A Literary Theory (By Accident)

Recently I developed a literary theory on short fiction. This wasn’t intentional. It was a result, rather, of my attempts to escape boredom without having to pay any money.

I do aerobics. Aerobics have been described, not entirely unjustly, as “the ability to withstand enormous amounts of boredom”. I have tried to alleviate the boredom with music, podcasts, interviews, and – what proved best of all – audiobooks. Because I don’t enjoy audiobooks enough to actually pay for them, I use LibriVox, a resource of free audiobooks.

Free, because all the books are out of copyright.

Out of copyright, thus old.

Old, and so often short.

Short fiction was more popular in the old days, before the Age of the Trilogy. It’s an odd paradox that the literary fashion of our time, which demands Instant Hook (“You Had Me At Hello”), can hardly ever let a story end without first prolonging it through several books. On the one hand, the Hook Establishment, ever telling aspiring authors their first paragraph isn’t exciting enough. On the other hand, the ubiquitous series.

Literature of the old school wasn’t like this. It used to be that nobody expected anything truly exciting to happen on the first page, or even in the first chapter. If an author took a hundred pages to set up a story, readers would understand. And yet the days of the long, slow openings were also the time of the short story. A wealth of short stories surround literary monoliths like Moby Dick and War and Peace.

On LibriVox, I’ve found short fiction published in the late nineteenth and early twentieth centuries: novellas by George MacDonald, a couple short story collections by E. Nesbit, a handful of sci-fi novellas and anthologies. The sci-fi anthologies especially helped me to see that the heart of a short story is not the characters, or the plot, but a single, pulsing idea.

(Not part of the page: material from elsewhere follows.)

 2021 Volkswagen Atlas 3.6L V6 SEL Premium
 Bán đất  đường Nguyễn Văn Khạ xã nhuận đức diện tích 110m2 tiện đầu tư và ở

As I listened to these brief sci-fi stories, I came to see them as expressions of ideas, answers to questions that, never spoken, could eventually be seen: What if Martians invaded Earth disguised as performers in a parade? What if aliens intervened to stop nuclear testing? What if it really were possible to bring bad luck? Could orbiting Earth change a man’s perspective in more ways than one?

Novels are also about ideas, small and large. But the virtue of short stories is that they permit the expression of ideas without the lengthy, elaborate weaving of novels – a sketch to a tapestry. Some ideas would not be given literary life otherwise – because the author lacks the time or interest, or simply because the idea itself cannot carry a long story.

Let me give you an example. Suppose I wanted to write about the Guild of Avenging English Students, a secret organization whose mission is to capture the Hook Establishment and send it through time portals in order to suppress various interminable classics. The ultimate goal would be that no one ever again had to write a paper on Moby Dick, and of course there would be all sorts of dangers, such as the Hook Establishment getting schooled by Tolstoy.

Is this idea worthy of a novel? No. Could it be woven with other ideas to make a novel? Probably not.

But it would be a lark, and in a short story the idea could reach, without exhausting, its potential. That is the beauty of the short story.